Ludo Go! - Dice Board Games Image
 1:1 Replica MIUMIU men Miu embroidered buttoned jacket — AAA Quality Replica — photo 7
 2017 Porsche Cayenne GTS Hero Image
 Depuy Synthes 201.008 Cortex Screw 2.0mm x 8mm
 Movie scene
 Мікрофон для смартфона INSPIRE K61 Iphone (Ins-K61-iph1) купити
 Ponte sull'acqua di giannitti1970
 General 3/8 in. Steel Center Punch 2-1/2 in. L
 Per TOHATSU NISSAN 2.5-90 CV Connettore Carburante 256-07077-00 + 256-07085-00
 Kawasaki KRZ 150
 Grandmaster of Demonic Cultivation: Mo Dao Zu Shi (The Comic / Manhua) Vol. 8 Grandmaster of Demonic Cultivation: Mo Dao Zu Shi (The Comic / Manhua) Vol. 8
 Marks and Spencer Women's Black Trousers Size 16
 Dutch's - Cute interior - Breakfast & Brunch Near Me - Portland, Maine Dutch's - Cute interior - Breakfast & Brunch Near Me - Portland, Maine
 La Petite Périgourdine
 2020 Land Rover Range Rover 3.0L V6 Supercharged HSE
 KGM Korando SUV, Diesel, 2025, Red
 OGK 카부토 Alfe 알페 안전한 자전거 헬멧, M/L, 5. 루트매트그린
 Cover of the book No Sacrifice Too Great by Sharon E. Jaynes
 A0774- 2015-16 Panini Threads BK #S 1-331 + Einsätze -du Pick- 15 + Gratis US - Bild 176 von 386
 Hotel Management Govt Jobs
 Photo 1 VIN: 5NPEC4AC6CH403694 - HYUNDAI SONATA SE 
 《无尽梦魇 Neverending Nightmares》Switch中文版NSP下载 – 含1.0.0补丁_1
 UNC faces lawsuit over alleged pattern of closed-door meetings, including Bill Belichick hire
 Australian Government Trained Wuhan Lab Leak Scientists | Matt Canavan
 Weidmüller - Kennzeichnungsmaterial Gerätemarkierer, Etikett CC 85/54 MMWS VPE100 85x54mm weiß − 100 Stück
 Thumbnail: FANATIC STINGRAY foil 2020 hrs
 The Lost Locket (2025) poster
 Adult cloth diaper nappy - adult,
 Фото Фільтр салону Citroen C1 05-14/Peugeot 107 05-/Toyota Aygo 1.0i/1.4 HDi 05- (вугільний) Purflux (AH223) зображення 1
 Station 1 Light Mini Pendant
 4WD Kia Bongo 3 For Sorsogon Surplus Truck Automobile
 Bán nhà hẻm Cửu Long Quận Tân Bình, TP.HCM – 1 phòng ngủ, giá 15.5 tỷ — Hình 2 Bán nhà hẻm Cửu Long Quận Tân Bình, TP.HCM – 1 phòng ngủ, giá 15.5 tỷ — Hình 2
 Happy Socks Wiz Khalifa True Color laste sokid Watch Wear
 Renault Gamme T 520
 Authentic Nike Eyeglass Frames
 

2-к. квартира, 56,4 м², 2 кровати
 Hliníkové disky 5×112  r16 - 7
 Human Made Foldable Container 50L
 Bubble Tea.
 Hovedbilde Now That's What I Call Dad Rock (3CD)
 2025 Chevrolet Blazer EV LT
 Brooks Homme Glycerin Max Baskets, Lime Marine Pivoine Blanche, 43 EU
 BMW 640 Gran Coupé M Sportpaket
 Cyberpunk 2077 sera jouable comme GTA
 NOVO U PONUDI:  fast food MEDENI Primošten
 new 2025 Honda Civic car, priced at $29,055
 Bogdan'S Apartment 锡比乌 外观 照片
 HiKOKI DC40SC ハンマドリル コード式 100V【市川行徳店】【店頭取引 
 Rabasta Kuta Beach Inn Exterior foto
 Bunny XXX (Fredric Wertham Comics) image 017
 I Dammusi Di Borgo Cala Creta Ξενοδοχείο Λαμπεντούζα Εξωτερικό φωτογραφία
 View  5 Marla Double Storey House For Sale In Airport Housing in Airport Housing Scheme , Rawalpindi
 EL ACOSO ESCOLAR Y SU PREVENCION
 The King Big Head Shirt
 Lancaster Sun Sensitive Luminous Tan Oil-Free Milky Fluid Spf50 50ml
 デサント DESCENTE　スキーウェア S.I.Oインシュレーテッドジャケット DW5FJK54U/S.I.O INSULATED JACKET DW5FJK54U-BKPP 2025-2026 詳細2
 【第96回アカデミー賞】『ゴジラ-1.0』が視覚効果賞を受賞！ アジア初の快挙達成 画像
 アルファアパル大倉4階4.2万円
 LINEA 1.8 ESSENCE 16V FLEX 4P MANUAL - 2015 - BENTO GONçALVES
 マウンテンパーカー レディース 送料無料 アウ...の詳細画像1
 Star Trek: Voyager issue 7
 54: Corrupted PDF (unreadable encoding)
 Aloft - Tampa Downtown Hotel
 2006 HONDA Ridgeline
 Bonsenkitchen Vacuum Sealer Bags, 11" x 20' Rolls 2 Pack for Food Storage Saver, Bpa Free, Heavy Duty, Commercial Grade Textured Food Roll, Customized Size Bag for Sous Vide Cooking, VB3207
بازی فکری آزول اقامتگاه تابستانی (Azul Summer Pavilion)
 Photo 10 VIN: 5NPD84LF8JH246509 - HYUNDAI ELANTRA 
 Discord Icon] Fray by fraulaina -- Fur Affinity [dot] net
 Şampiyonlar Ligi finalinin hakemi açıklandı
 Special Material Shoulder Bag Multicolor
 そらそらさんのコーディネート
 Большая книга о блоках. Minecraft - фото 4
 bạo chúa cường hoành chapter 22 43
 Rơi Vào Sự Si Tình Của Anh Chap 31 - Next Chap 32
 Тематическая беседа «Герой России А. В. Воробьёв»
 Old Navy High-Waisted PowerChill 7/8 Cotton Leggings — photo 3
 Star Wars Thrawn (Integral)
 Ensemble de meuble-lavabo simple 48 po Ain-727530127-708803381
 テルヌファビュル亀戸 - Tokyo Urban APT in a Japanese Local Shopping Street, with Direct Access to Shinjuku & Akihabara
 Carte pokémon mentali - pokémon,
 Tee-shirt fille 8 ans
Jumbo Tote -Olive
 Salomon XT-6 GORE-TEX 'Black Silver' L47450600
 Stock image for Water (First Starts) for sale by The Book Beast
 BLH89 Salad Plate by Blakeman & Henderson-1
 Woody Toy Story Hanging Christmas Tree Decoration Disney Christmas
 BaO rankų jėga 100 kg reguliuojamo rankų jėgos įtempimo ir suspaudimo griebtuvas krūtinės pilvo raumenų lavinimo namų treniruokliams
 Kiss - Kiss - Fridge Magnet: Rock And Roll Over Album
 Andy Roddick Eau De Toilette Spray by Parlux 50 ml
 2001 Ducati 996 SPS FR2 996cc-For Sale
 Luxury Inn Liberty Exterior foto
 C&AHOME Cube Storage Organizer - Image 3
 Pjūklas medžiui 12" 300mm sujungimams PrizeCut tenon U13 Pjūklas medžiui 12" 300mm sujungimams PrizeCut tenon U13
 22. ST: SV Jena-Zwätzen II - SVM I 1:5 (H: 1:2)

Work to be completed ▸ Return every line in the records that includes the string "Roll".

Problem solution ▸
 Bonsenkitchen Vacuum Sealer Bags, 11" x 20' Rolls 2 Pack for Food Storage Saver, Bpa Free, Heavy Duty, Commercial Grade Textured Food Roll, Customized Size Bag for Sous Vide Cooking, VB3207
 Kiss - Kiss - Fridge Magnet: Rock And Roll Over Album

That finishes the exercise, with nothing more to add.